Essa pergunta pode parecer um pouco estranha, mas estes ambientes têm mais em comum do que você imagina! A Amazônia é o maior ecossistema de floresta tropical contínuo do mundo, um gigante que existe a milhões de anos. O aprendizado ao estudar a resiliência e a capacidade adaptativa da Amazônia e espelhar seus princípios de funcionamento em ambientes criativos de inovação traz lições poderosas que permitem fortalecer as relações dentro de novos ecossistemas de negócios que estão surgindo ao redor do mundo.

Mas afinal, o que define um ecossistema?

Na biologia, um ecossistema é conceituado por “um sistema dinâmico formado por componentes bióticos (animais, plantas, fungos) e componentes abióticos (solo, ar, água e minerais) que interagem entre si realizando trocas de energia e de materiais”.

A terminologia “ecossistema” foi emprestada para a abordagem de ambientes dinâmicos de negócios, assim como o Ecossistema de Venture Capital do Vale do Silício ou para o Ecossistema de Inovação de Florianópolis. Desta forma, esta inspiração no conceito da biologia vem para ajudar a compreender e fortalecer a dinâmica e fluxo dos negócios nestes ambientes criativos, de modo a contribuir na resiliência destes ambientes inovadores.

O investidor Victor Hwang¹, entusiasta do modelo do Vale do Silício, se inspira na estrutura dos ecossistemas de Florestas Tropicais e descreve algumas características que o Vale do Silício compartilha com estes ecossistemas naturais, tornando-o mais forte e robusto, e que podem inspirar a construção de novos ecossistemas de negócios e inovação pelo mundo.

A principal provocação trazida por Hwang é a comparação entre dois ambientes bem distintos: uma Floresta Tropical (como a Amazônia) e uma Monocultura (como uma plantação de milho).

Enquanto na monocultura se tem o foco de controle, usando a precisão e acurácia para ganhar produtividade no crescimento de apenas uma espécie (o milho), a floresta tropical é aberta ao novo, diversa, criando um ambiente para o surgimento de mudanças dentro daquele ambiente.

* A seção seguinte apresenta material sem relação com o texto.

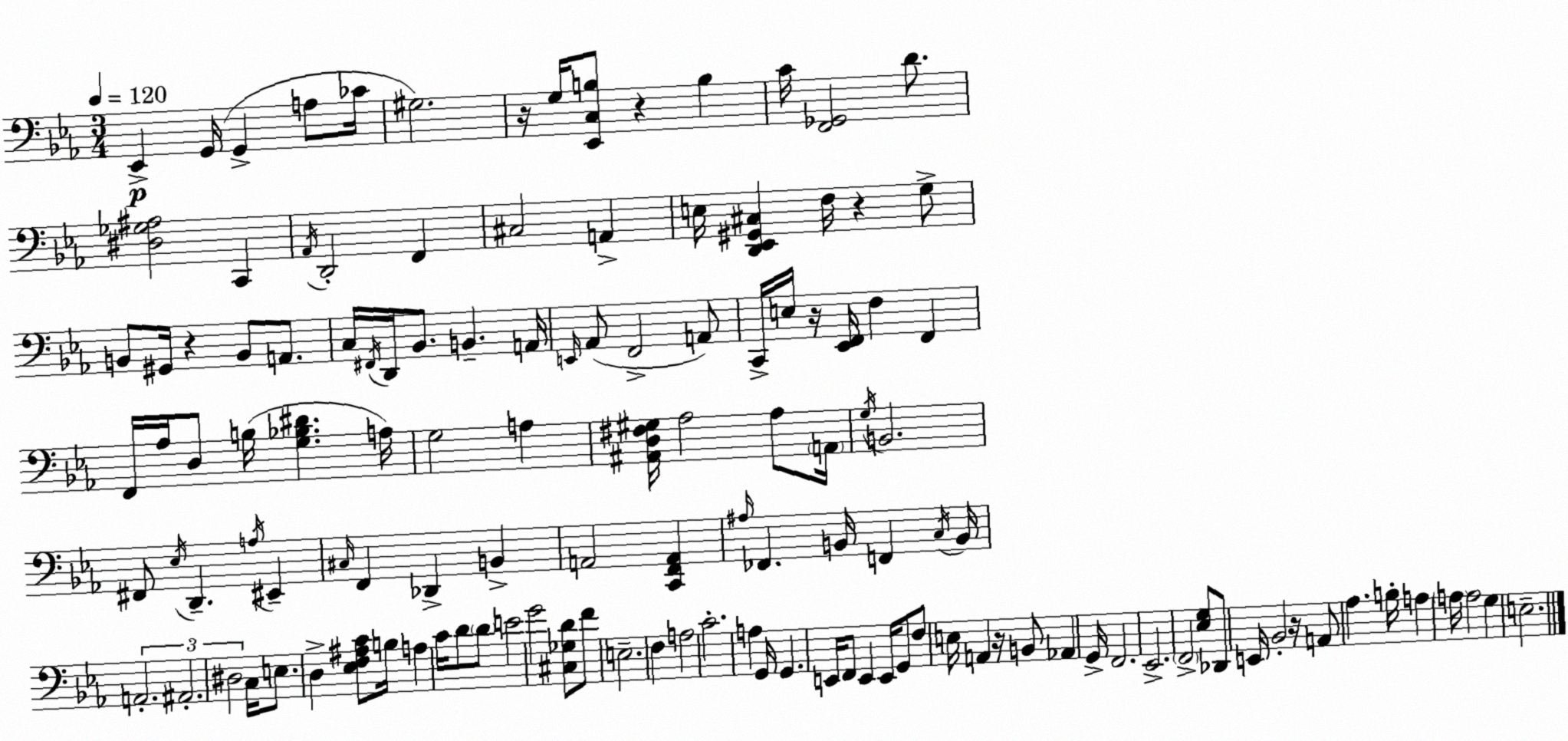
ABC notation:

X:1
T:Untitled
M:3/4
L:1/4
K:Eb
_E,, G,,/4 G,, A,/2 _C/4 ^G,2 z/4 G,/4 [_E,,C,B,]/2 z B, C/4 [F,,_G,,]2 D/2 [^D,_G,^A,]2 C,, _A,,/4 D,,2 F,, ^C,2 A,, E,/4 [D,,_E,,^G,,^C,] F,/4 z G,/2 B,,/2 ^G,,/4 z B,,/2 A,,/2 C,/4 ^F,,/4 D,,/4 _B,,/2 B,, A,,/4 E,,/4 _A,,/2 F,,2 A,,/2 C,,/4 E,/4 z/4 [_E,,F,,]/4 F, F,, F,,/4 _A,/4 D,/2 B,/4 [G,_B,^D] A,/4 G,2 A, [^A,,D,^F,^G,]/4 _A,2 _A,/2 A,,/4 G,/4 B,,2 ^F,,/2 _E,/4 D,, A,/4 ^E,, ^C,/4 F,, _D,, B,, A,,2 [C,,F,,A,,] ^A,/4 _F,, B,,/4 F,, C,/4 B,,/4 A,,2 ^A,,2 ^D,2 C,/4 E,/2 D, [_E,F,^A,C]/2 B,/4 A, C/4 D/2 D/2 E2 G2 [^C,_G,D]/2 F/2 E,2 F, A,2 C2 A, G,,/4 G,, E,,/4 F,,/2 E,, E,,/4 G,,/2 F,/2 E,/4 A,, z/4 B,,/2 _A,, G,,/4 F,,2 _E,,2 F,,2 [_E,G,]/2 _D,,/2 E,,/4 _B,,2 z/4 A,,/2 _A, B,/4 A, A,/4 A,2 G, E,2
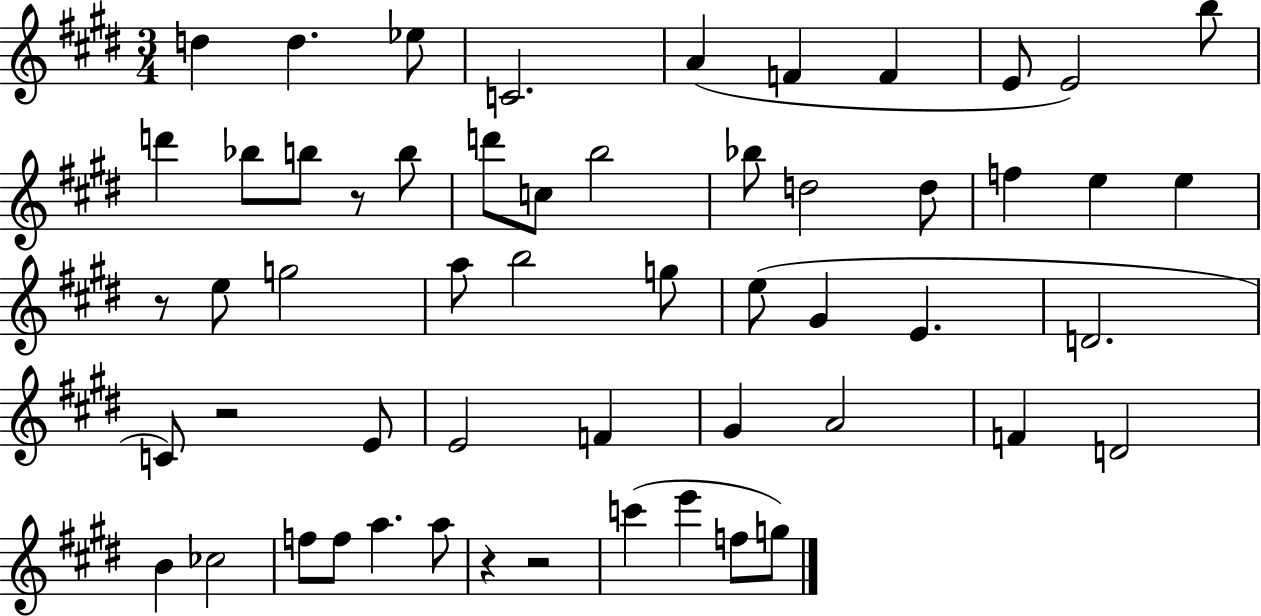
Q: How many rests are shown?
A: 5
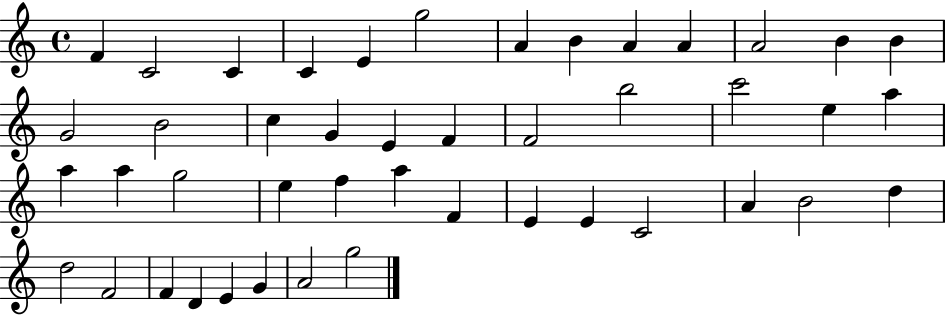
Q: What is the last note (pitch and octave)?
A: G5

No plantio de milho, toda a planta que brotar (e não for milho) é removida do ambiente para propiciar o crescimento somente da espécie alvo. Já na floresta tropical se abre espaço para a oportunidade de brotarem novas espécies, onde a diversidade de organismos e suas relações no ambiente (e com o ambiente) ampliam de modo que este ecossistema possa se autorregular, tornando-o mais resiliente ao longo do tempo. Nesta analogia, a Floresta Tropical está aberta a possibilidade de surgirem novas espécies no ambiente (que seriam as “ervas daninhas” dentro de um plantio de milho), tornando-o mais dinâmico e diverso, aberto a novas ideias, novas oportunidades, novos negócios.

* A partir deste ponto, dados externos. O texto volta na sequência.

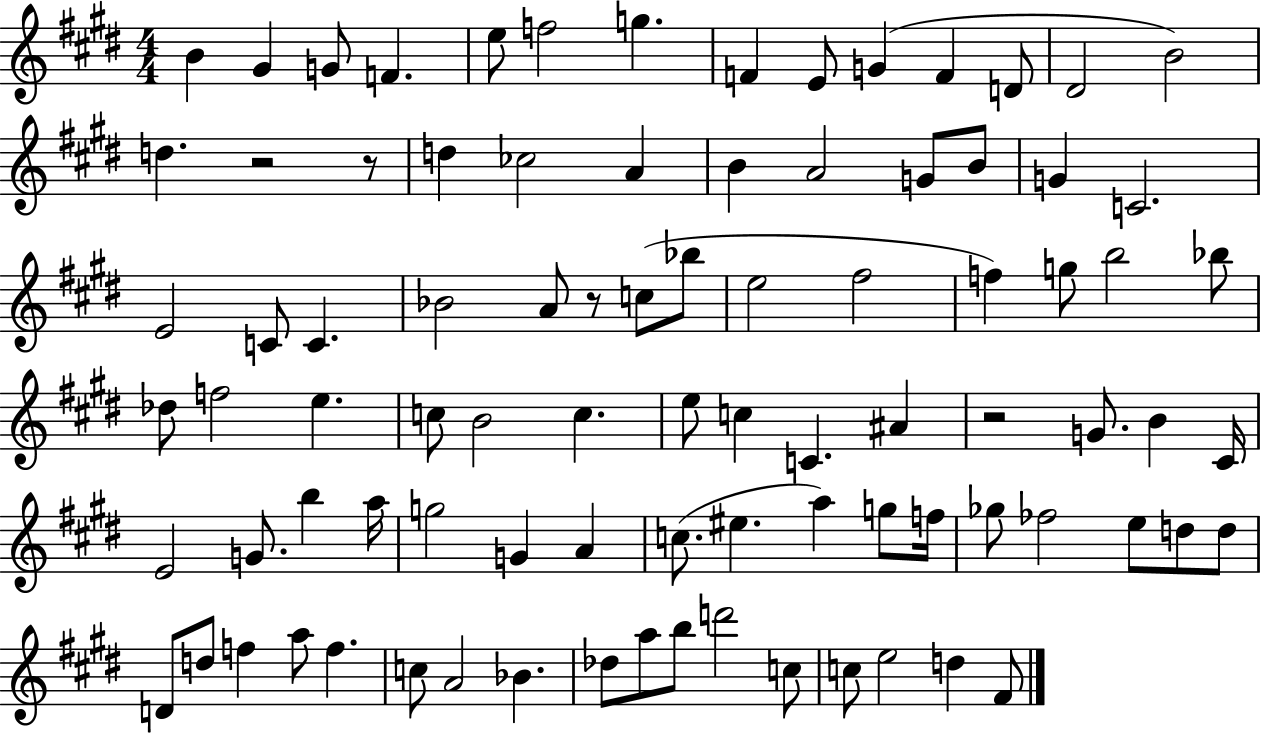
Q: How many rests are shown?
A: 4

No Brasil, estes ambientes de inovação apresentam grande importância na alavancagem, fortalecimento e sobrevivência de novas startups (as novas espécies) para conquistarem o mercado. Embora no Brasil os ecossistemas de inovação estejam um pouco pulverizados (com maior concentração deles no sul e sudeste) e com alguns desafios de integração, estão ganhando destaque no cenário de atração de investimentos e no potencial de geração de tecnologias de ponta no cenário mundial.

A cidade de Florianópolis (SC), por exemplo, comporta um dos ecossistemas de negócios mais importantes do país no que se refere ao desenvolvimento de tecnologia de ponta (É! Floripa não tem só praia!). Uma das peças chave deste ecossistema são as estratégias de fortalecimento e impulsionamento de startups através de iniciativas inovadoras, que envolvem programas de pré-incubação, incubação e aceleração, e ambientes de inovação como centros de inovação, parques tecnológicos, incubadoras e espaços de coworking, tornando Florianópolis a 2ª cidade brasileira com maior densidade de Startups do Brasil².

Em um ambiente de inovação cultive as ervas daninhas!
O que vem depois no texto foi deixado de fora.